As a final example with Kustomize, let’s see a scenario where we want to deploy our applications to Production Europe and Production US, but not in Asia.

Remember that by default, server labels work in “AND” mode. So if we simply list “us” and “eu” as labels, Argo CD will try to find all clusters that have both labels at the same time. We don’t want this, as no cluster matches this description. 

Also, unlike the previous example where we specifically asked for the “QA” overlay, now we want to choose the overlays that match whatever the cluster type/region is (either prod-us or prod-eu).

You can find the full application set at 06-my-prod-appset.yml.

spec:
  goTemplate: true
  goTemplateOptions: ["missingkey=error"]
  generators:
  - matrix:
      generators:
        - clusters:    
            selector:
              matchLabels:
                type: "workload"      
                env: "prod"
              matchExpressions:
              - key: region
                operator: In
                values:
                  - "eu"
                  - "us"        
        - git:
            repoURL: https://github.com/kostis-codefresh/multi-app-multi-value-argocd.git
            revision: HEAD
            directories:
            - path: 'kustomize-apps/*/envs/{{.name}}'

The first thing to show here is the matchExpressions block. This lets you choose clusters in an “OR” manner. We want all clusters that are either EU or US AND in production.

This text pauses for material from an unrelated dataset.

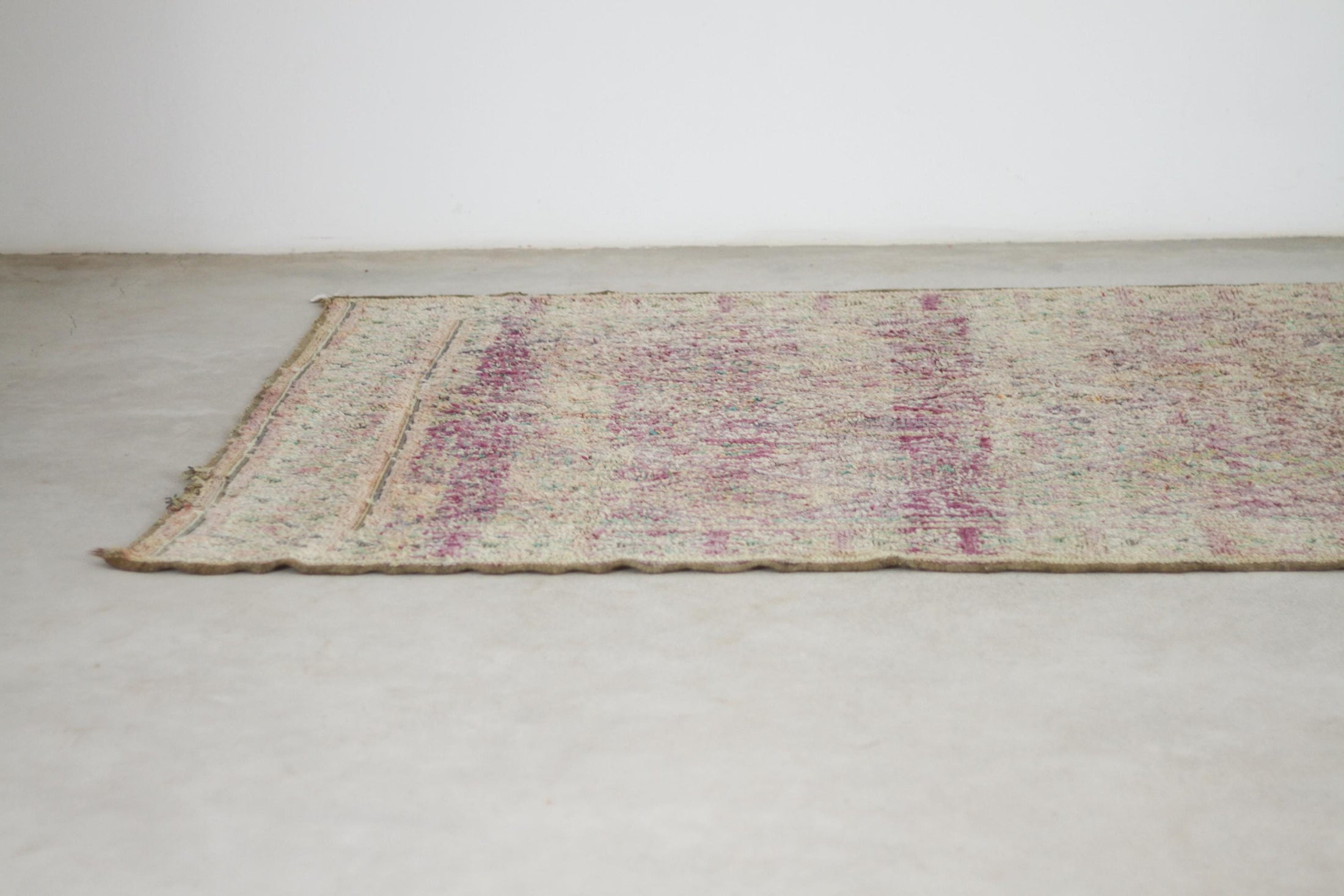 Vintage Moroccan Rug – Handmade Wool Berber rug, 7x9 ft – Purple beni mguild rug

The second point is using the output of the cluster generator as input to the Git generator. The “{{.name}}” variable will render to the name of the cluster matched, forcing the Git generator to load the respective Kustomize overlay for each environment.

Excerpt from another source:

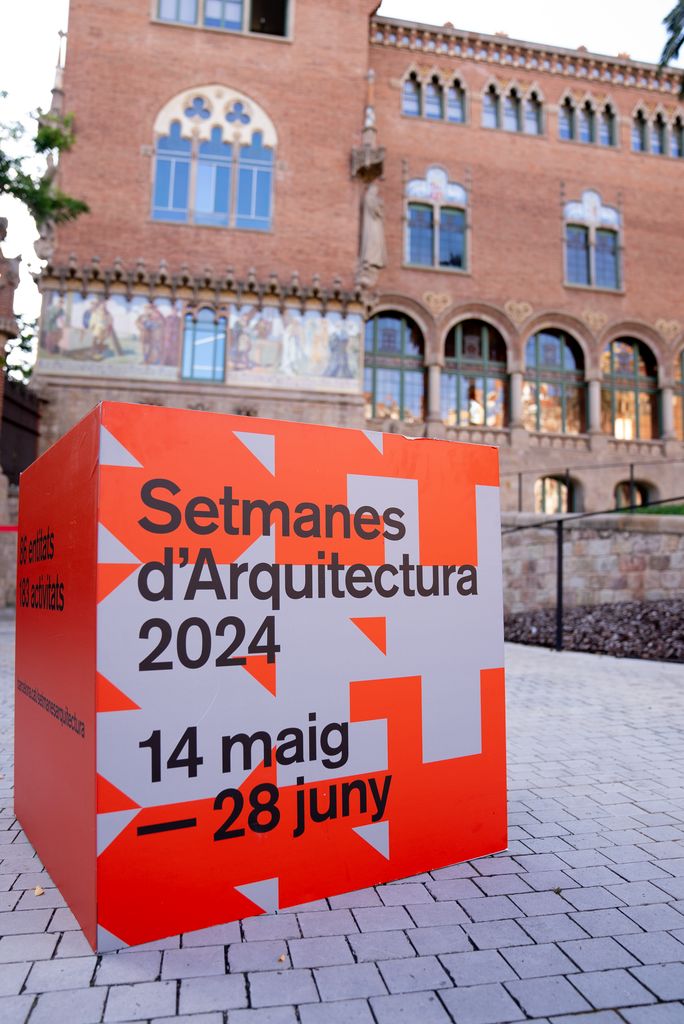 Cub amb la imatge gràfica de les Setmanes d’Arquitectura davant el Recinte Modernista de Sant Pau.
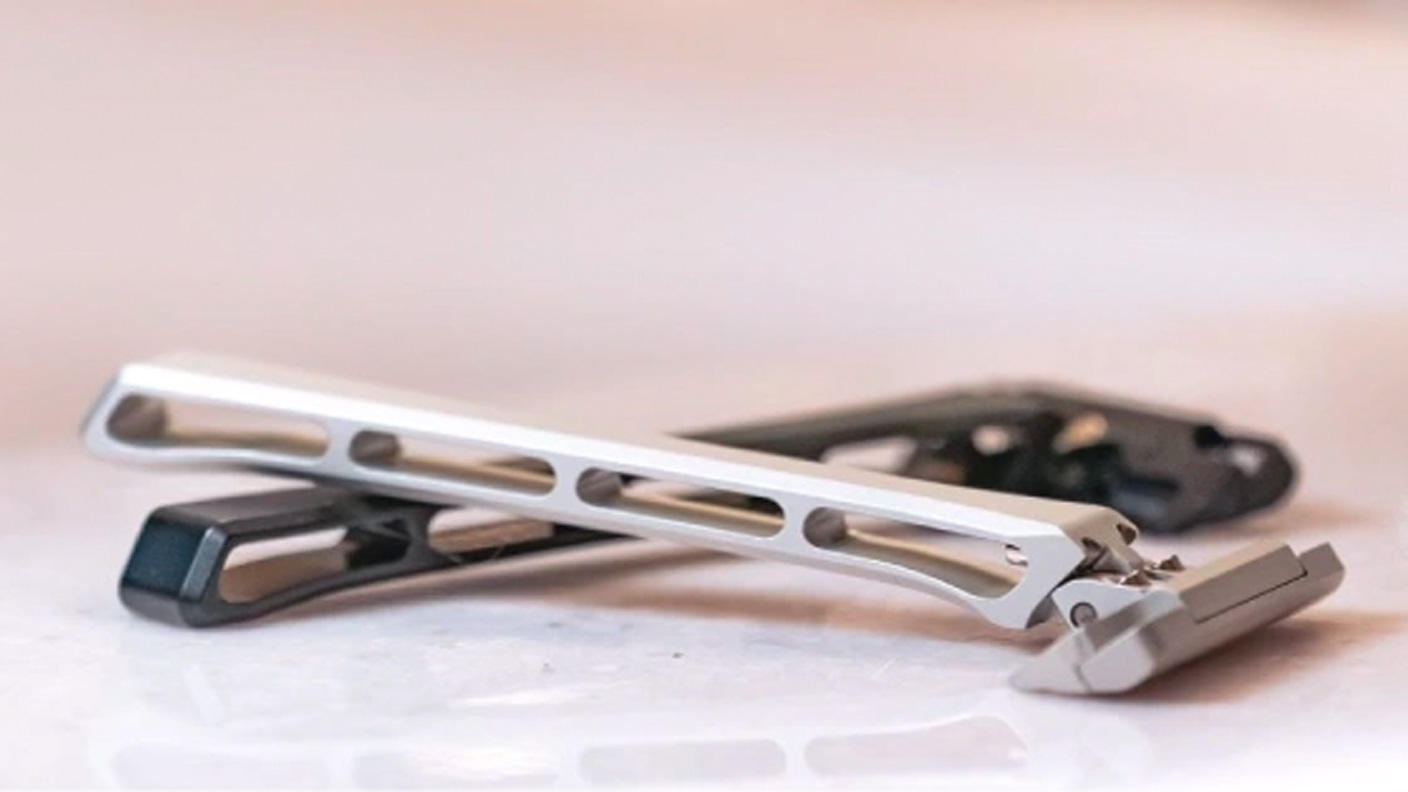 【新品未使用】スーパージェクション　ファイトシン 替刃革命！本格的な剃り味。プレミアムな航空機グレードアルミニウム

Apply the file and you will see production deployment in EU and US but not in Asia:

And most importantly, you see that each server loads the configuration for its own region:

You should now understand how to select any combination of clusters and apply your exact choice of Kustomize overlays according to the “type” of each cluster.

Scenario 7 – A Helm hierarchy of values for the QA environment

Cluster labels can also work with your Helm charts and values.

As a starting example, let’s deploy our Helm charts to the two QA clusters using the same configuration for both.

You can find the full application set at 07-helm-qa-only.yml.

spec:
  goTemplate: true
  goTemplateOptions: ["missingkey=error"]
  generators:
  - matrix:
      generators:
        - git:
            repoURL: https://github.com/kostis-codefresh/multi-app-multi-value-argocd.git
            revision: HEAD
            directories:
            - path: charts/*
        - clusters:    
            selector:
              matchLabels:
                type: "workload"    
                env: "qa"  

The generator part of the file selects our charts and applies them to all clusters with the QA/workload label.

We have 2 example charts in the Git repository, so Argo CD created 4 applications for us (1 for each region).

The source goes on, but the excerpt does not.